**INSTRUCTIONS TO FOLLOW**
Could you retype, exactly and with no pictures, only the lines from the first line of the records below through the line that contains "The full view"?

-- SUPPLIED MATERIAL follows --

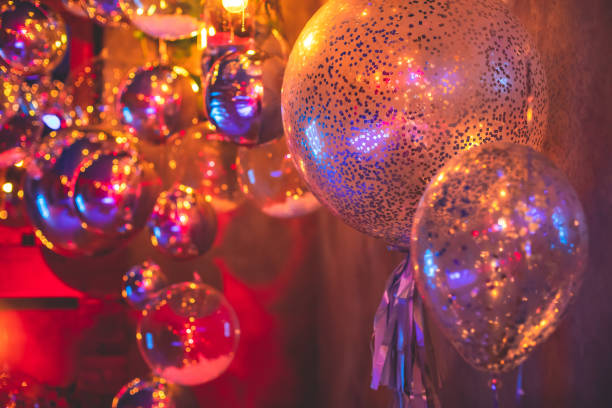 istock Decoration interior elements of restaurant venue banquet hall with multicoloured different helium balloons, on a indoor corporate event or wedding reception or birthday party celebration 1292018785
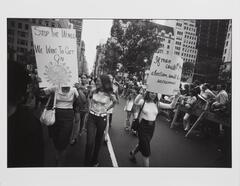 Photograph of a group of women protestors, smiling and holding posters, as they walk down a street fenced off to cars.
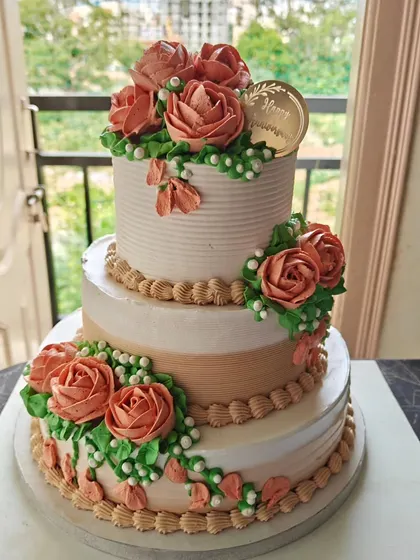 The full view of the stunning three-tiered anniversary cake, a perfect centerpiece for a landmark celebration.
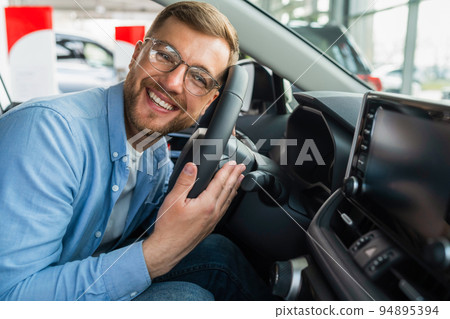 Satisfied man put his head on the steering wheel of his new car. Male in glasses in auto dealership Satisfied man put his head on the steering wheel of his new car. Male in glasses in auto dealership 94895394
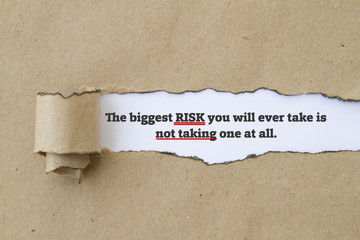 The biggest risk you will ever take is not taking one at all message written under torn paper.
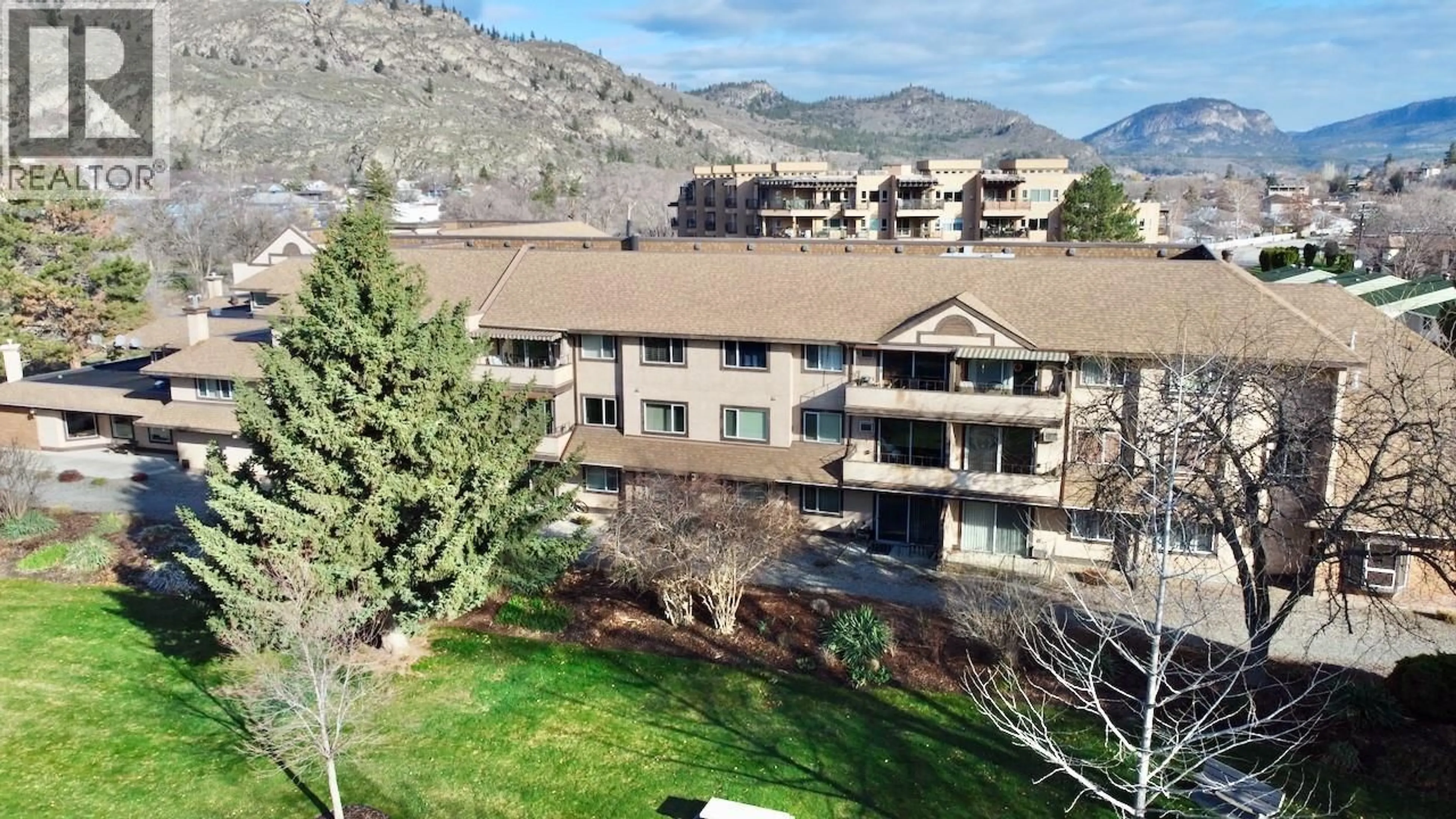 A pic from outside/outdoor area/front of a property/back of a property/a pic from drone, mountain view for 110 - 337 MCKINNEY ROAD, Oliver British Columbia V0H1T3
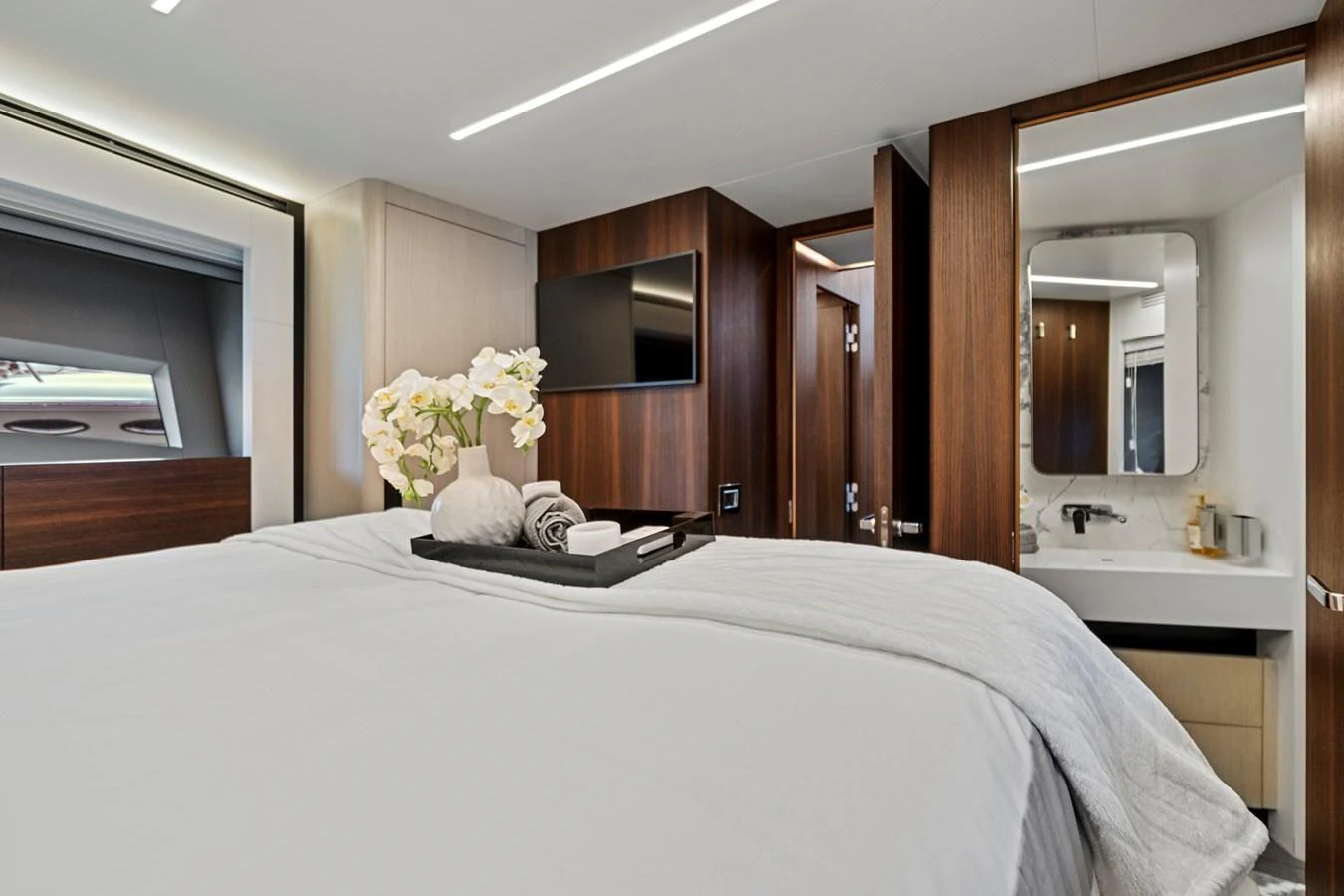 a bed with white sheets and pillows aboard SMILE Yacht for Sale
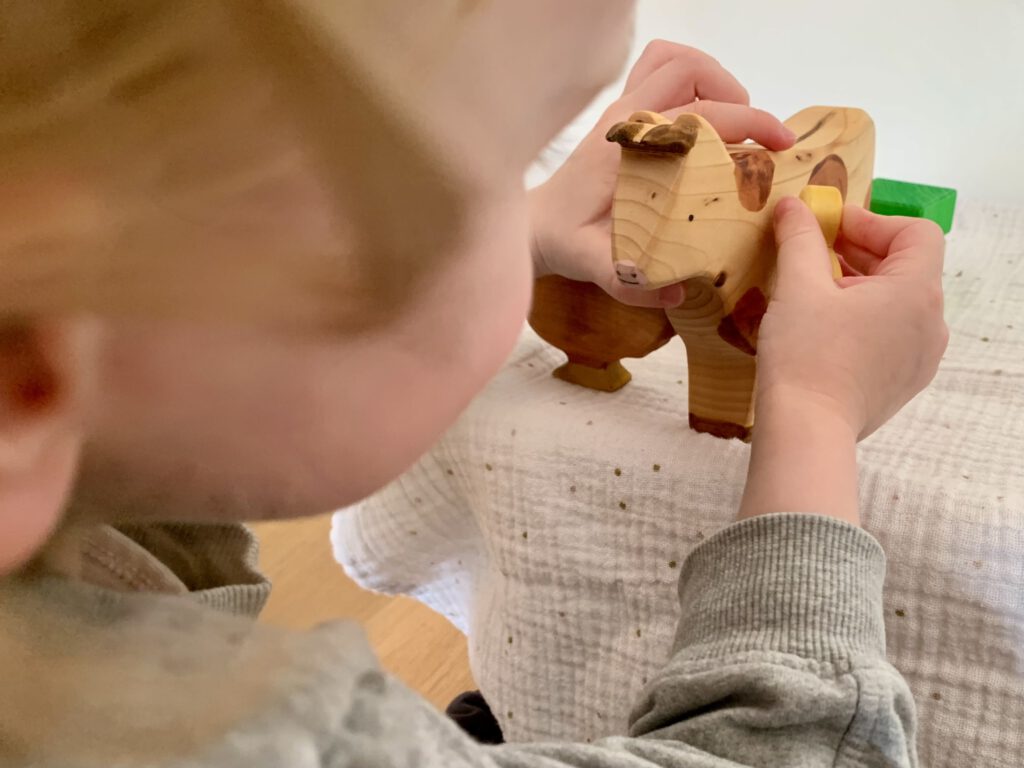 Kleinkind spielt mit einer Sägefisch-Holzkuh und einem Küken – ideales Holzspielzeug für offenes Spiel ab 3 Jahren.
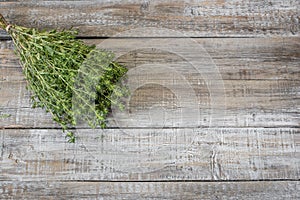 Close-up fresh Savory aromatic herb on rustic wooden table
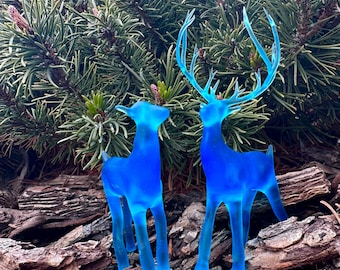 May include: Two translucent blue deer figurines with detailed antlers and slender legs stand on a bed of brown mulch. The deer are in front of a backdrop of green pine needles, creating a striking contrast of colors and textures.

-- SUPPLIED MATERIAL concluded --

**ANSWER TO THIS PROBLEM**
 istock Decoration interior elements of restaurant venue banquet hall with multicoloured different helium balloons, on a indoor corporate event or wedding reception or birthday party celebration 1292018785
 Photograph of a group of women protestors, smiling and holding posters, as they walk down a street fenced off to cars.
 The full view of the stunning three-tiered anniversary cake, a perfect centerpiece for a landmark celebration.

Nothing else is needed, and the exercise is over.